His own athleticism was first spotted by Ajax when he was 11, although it was not a straightforward process. "They used to have selection days for all the local kids and I went to these trials three times and got turned down every time," he recalls. "On the third time I was so upset because I thought I was not good enough. I was eight years old and I had the feeling, 'That's it, I don't want to play for Ajax any more!' But I kept doing well at my amateur club and, in the end, Ajax came to me."
No community on the planet, per capita, produces more top footballers than Surinam. In their day, Ruud Gullit, Frank Rijkaard, Clarence Seedorf, Edgar Davids and Patrick Kluivert - all of Surinamese heritage - could all fit in a world XI. Babel is seen as the latest in a long distinguished line. He made his debut for Ajax shortly after his 17th birthday and, at 18, became Holland's youngest international goalscorer since the 1930s.

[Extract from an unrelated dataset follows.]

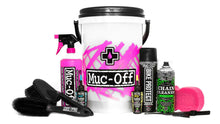 Muc-Off Dirt Bucket Kit with Filth Filter for bike cleaning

He cost Liverpool £11.5m and, in his first season, won their young player of the season award. Yet there are glimpses of frustration. Babel made 20 of his 48 appearances last season from the bench and, since the start of this one, has found himself on the edges even more. Of his 14 appearances, 10 have been as a substitute, making it difficult for him to fulfil the great Marco van Basten's prophecy that he could be "the next Thierry Henry".
"I'm satisfied with my level of performance but the situation is clear - that I'm not going to be one of the regular 11 starters," says Babel. "It's difficult. I do get frustrated. I can tell myself that I'm still only 21 and at the start of my career. But it is making it hard for me because, as time goes on, they keep telling me that I'm young and that my time will come. Well, OK, but I'm not a player who wants to wait. I want to be involved now rather than in three or four years' time."
While Rafael Benítez has used Robbie Keane to partner Fernando Torres, Babel has mostly been employed on the wing. His pace could trouble any full-back, but Babel is a reluctant wide man. "I have always said that I want to play as a striker," he says. "Of course, it would not help me improve if I wasn't able to play, or train, in another position a couple of times. But all the time? I used to play as a striker in Holland. I grew up as a striker. That's the position I want to play.
"But I'm working on it. I look at myself before I blame others. I'm going to do something about it. It's not something I'm scared about." As the children at Respect 4 All know, Babel likes a central role.